We can now see a future where we will detect the earliest molecular signs of a disease and can molecularly address it before it is even symptomatic, before there is a rash or a lump.

This transition has been going on since at least Watson and Crick discovered the double helix of DNA. It will continue being unveiled for at least another fifty years. But the magnitude of our understanding has gotten so big that computers must be involved going forward. And this is a true revolution. I would argue it is the greatest revolution humanity has ever experienced.

So how is medicine going to adapt to this changing world? Initially our electronic medical records are going to have to capture this giant dataset for each individual. We haven’t even finished digitizing all those paper, handwritten medical records, and they are now going to grow exponentially with all this new “-omic” data.
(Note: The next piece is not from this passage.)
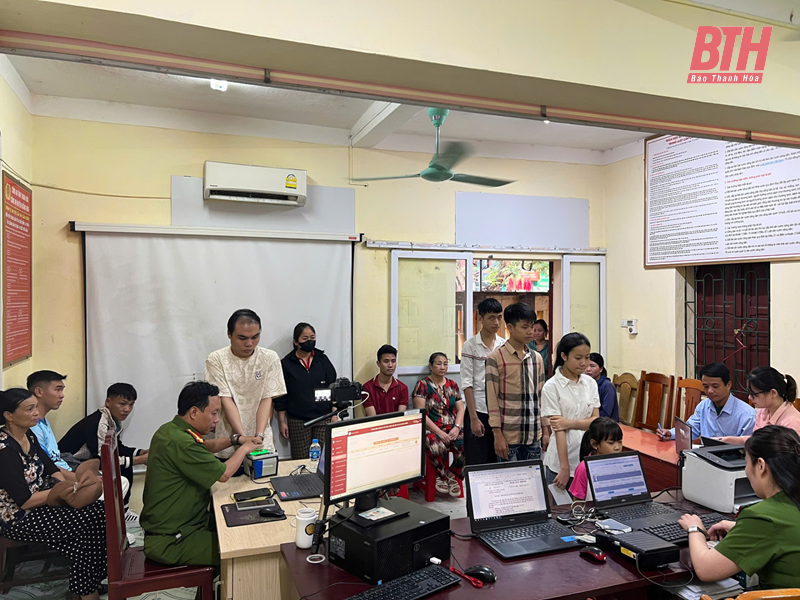 កិច្ចខិតខំប្រឹងប្រែងក្នុងការចេញប័ណ្ណសម្គាល់អត្តសញ្ញាណអេឡិចត្រូនិក និងគណនីក្នុងអំឡុងពេលថ្ងៃឈប់សម្រាកថ្ងៃទី 30 ខែមេសាដល់ថ្ងៃទី 1 ខែឧសភា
Some of that dataset is constant through a person’s life, for example our genome. Yes, it slowly ages and our telomeres slowly shorten, and rarely we are struck by a cosmic ray that knocks a base pair out of our genetic sequence in one cell. But most of the individual genome we are born with is the same as the one we die with.
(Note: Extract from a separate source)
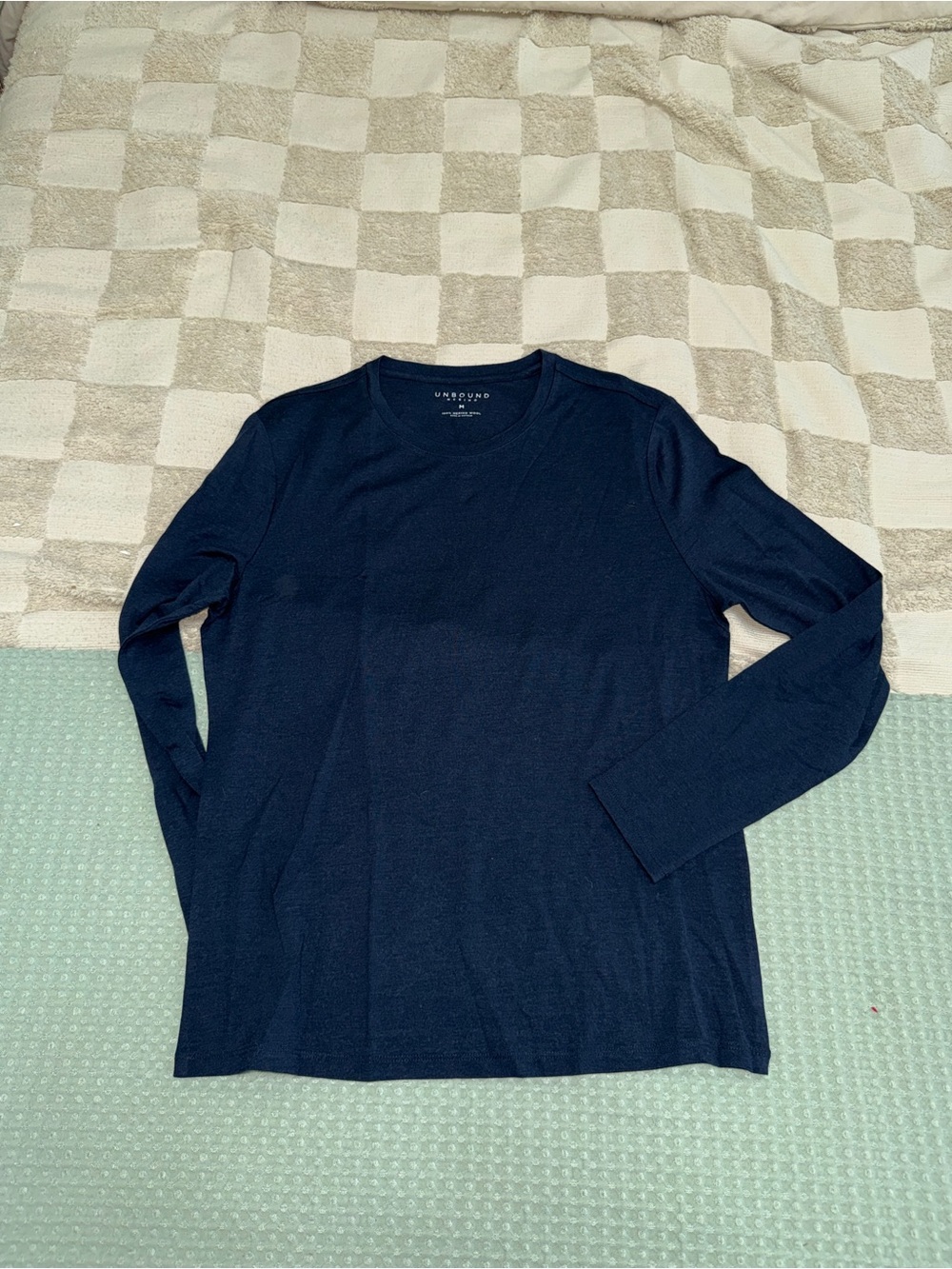 NWOT Unbound Merino navy blue long-sleeve crewneck tee size M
In my opinion, our genomes will be captured at or even before birth in the near future, and will inform our doctors on what will work and what won’t, throughout our lives.

But the other sources of the big data we carry are changing as we age. Our epigenome is slowly adapting to experiences we’ve had. Our microbiome and virome are shifting every day, depending on what we’ve eaten, and where we’ve been. So doctors will likely have to collect more data throughout our lives, as we age and change.

And it won’t all be reading our “-omic” data and interpreting it. Soon we will be writing that data, changing our genomes, and changing the genomes of the villagers we live with. This will raise powerful ethical questions that will be the most complex ones humanity has ever encountered.

Life has been automatic for billions of years, very slowly evolving to adapt and survive. In the next century, we will be able to take over that automatic process, to create life forms, to bypass evolution, to improve our own genomes, to hijack others. But should we? Some changes will save lives. Some will improve them.

Where will we draw the line?

The revolution we are in the midst of is huge. It’s taking us a century to figure this out and we are still a few decades from having the complete picture. But we are coming to understand the workings and programming of our bodies, of life itself, at the atomic level. And soon we will be able to write the code of life, not just read it.

There truly is no lower level. This is a momentous transition. Life has been on this planet for 3 or 4 billion years. Humanity is going from using leeches and tourniquets to genetic engineering in a couple of hundred years. That’s .000002% of the time life has been evolving on this planet. It’s a flashbulb in the metaphorical period of a year.

But we will have to confront this revolution because it is happening around us as we sit here. It will have many outcomes and changes. It will save lives and reduce suffering. But it will also raise big ethical questions, and they won’t be uniformly decided across the planet in every country, in every culture and religion.

For billions of years, we’ve been passengers on the bus of life. Now we are seizing the steering wheel. Interesting times ahead.